Provided material ::

_ _ _ _ _

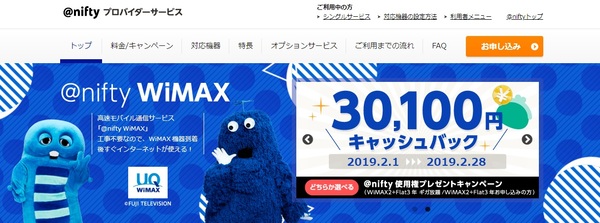 WiMAXは本当に無制限で使えるのか?
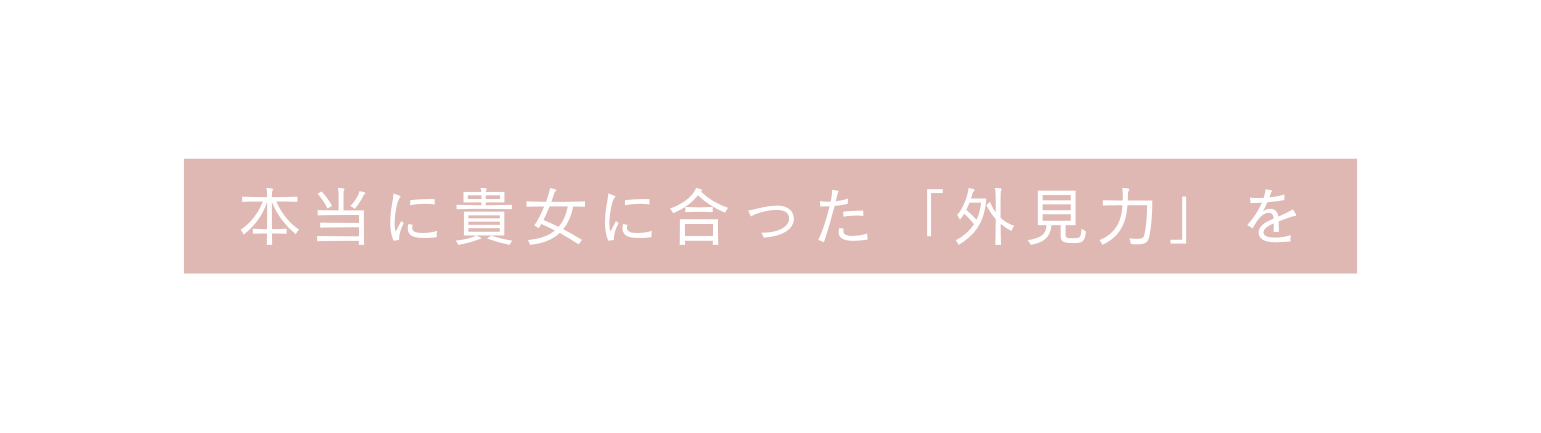 本当に貴女に合った 外見力 を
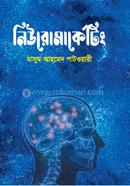 নিউরোমার্কেটিং মাসুম আহমেদ পাটওয়ারী Bangladesh (New)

_ _ _ _ _

Action item :: In your copy of the material, match every word exactly and include no pictures.

Task result ::
 WiMAXは本当に無制限で使えるのか?
 本当に貴女に合った 外見力 を
 নিউরোমার্কেটিং মাসুম আহমেদ পাটওয়ারী Bangladesh (New)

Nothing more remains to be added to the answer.